*Exercise objective*:
After locating the line with "Lan tỏa những", retype it and every later line exactly, stopping at the end of the records.

Dataset extract START

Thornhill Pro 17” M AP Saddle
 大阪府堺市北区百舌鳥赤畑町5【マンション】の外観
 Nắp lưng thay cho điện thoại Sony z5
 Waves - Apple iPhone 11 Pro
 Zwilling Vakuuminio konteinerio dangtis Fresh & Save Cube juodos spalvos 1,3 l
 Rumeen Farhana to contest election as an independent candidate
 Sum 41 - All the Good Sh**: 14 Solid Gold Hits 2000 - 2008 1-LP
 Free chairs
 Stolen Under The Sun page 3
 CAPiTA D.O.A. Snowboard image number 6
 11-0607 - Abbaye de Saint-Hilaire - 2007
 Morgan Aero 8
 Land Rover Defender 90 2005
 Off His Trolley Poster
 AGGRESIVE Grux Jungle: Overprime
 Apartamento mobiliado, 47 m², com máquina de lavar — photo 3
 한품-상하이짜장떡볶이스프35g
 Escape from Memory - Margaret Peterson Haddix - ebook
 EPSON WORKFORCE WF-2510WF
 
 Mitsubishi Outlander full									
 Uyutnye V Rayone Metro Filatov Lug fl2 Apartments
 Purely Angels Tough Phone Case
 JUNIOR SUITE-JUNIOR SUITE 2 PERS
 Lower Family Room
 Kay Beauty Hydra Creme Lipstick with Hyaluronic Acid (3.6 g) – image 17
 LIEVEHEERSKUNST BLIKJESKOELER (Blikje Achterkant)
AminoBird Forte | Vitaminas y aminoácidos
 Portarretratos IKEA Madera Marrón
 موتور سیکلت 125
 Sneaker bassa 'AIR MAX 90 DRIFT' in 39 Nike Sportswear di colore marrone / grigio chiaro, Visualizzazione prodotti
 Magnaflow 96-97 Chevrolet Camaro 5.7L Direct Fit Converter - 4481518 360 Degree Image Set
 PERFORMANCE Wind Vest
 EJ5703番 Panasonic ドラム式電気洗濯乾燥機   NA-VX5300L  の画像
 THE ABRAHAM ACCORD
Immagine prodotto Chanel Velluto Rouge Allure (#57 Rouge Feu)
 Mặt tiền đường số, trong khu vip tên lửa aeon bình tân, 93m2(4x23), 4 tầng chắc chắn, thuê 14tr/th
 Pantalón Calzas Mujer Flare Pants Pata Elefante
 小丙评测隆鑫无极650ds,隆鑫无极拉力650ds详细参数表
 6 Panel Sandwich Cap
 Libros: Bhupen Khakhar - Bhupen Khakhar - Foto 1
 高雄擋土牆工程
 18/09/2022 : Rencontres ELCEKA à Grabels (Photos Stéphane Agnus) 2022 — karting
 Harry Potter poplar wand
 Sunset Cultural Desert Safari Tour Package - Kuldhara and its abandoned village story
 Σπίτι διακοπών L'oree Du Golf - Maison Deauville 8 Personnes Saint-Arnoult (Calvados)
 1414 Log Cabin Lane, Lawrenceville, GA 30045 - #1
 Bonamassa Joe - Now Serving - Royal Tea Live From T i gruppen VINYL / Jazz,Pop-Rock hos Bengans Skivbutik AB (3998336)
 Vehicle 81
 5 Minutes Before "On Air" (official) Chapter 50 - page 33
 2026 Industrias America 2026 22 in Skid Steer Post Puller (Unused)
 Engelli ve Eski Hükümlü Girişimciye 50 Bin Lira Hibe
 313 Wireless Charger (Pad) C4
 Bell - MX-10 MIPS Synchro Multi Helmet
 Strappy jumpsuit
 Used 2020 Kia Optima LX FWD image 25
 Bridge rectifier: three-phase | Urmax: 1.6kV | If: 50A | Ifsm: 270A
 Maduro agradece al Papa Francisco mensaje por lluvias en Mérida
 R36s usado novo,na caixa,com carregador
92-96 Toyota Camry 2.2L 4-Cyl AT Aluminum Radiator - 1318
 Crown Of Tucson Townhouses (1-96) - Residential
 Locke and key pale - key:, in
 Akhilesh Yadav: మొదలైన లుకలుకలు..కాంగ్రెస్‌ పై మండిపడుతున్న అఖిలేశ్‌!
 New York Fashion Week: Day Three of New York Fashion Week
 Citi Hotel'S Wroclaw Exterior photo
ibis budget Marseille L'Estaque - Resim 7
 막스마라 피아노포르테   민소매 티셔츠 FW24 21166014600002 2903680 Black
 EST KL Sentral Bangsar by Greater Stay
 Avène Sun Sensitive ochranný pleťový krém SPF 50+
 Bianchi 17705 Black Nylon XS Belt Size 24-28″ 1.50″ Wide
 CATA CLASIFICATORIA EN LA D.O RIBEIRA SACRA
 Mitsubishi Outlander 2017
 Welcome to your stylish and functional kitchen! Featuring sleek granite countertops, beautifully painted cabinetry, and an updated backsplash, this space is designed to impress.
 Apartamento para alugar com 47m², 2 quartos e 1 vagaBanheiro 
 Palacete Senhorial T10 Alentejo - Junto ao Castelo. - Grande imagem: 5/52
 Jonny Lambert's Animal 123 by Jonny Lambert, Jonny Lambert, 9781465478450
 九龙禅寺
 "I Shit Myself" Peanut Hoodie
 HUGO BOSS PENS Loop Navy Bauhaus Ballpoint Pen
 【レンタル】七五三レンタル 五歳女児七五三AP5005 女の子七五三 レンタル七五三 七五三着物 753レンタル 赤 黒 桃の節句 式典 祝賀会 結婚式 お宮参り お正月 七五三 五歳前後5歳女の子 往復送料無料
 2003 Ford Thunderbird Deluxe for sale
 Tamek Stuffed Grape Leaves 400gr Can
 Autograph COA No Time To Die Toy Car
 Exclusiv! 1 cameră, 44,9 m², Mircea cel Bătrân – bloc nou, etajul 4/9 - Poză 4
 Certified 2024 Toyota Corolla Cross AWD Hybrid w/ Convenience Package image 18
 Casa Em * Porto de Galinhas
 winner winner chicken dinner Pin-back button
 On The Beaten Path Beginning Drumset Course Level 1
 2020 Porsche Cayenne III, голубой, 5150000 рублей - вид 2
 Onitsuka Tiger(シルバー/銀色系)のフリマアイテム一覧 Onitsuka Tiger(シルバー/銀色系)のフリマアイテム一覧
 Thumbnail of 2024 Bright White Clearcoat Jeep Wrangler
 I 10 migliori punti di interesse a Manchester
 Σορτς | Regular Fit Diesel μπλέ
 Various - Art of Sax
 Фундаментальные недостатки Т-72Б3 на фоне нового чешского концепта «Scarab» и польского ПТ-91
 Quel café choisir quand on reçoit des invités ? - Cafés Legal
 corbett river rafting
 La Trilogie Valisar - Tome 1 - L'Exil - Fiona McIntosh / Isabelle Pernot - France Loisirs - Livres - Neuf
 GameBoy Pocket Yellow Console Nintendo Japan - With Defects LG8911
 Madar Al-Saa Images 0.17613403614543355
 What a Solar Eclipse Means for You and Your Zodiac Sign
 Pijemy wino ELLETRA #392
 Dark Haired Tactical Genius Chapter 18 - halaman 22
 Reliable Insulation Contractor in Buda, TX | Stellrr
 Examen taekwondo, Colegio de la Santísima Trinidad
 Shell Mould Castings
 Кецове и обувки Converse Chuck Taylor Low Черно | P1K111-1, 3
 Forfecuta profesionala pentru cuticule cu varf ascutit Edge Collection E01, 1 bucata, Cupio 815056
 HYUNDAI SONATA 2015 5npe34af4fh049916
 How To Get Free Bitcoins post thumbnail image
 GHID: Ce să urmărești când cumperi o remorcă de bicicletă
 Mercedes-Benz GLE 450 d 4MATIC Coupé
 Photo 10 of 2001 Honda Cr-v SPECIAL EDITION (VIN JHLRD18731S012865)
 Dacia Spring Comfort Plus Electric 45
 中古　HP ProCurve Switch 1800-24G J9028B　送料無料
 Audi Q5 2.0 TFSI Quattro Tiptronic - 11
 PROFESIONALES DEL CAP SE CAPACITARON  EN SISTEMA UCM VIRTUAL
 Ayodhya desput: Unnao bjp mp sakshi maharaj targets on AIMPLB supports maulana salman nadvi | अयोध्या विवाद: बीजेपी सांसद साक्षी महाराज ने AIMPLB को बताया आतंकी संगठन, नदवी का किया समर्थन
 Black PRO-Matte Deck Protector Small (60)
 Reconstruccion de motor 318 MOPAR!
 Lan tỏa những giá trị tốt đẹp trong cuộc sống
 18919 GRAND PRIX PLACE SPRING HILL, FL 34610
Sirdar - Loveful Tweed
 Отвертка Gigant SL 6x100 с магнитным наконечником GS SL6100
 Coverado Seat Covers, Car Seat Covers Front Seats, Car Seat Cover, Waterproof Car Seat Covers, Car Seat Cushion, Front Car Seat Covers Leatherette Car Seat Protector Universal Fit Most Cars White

Dataset extract END

*Response below*:
 Lan tỏa những giá trị tốt đẹp trong cuộc sống
 18919 GRAND PRIX PLACE SPRING HILL, FL 34610
Sirdar - Loveful Tweed
 Отвертка Gigant SL 6x100 с магнитным наконечником GS SL6100
 Coverado Seat Covers, Car Seat Covers Front Seats, Car Seat Cover, Waterproof Car Seat Covers, Car Seat Cushion, Front Car Seat Covers Leatherette Car Seat Protector Universal Fit Most Cars White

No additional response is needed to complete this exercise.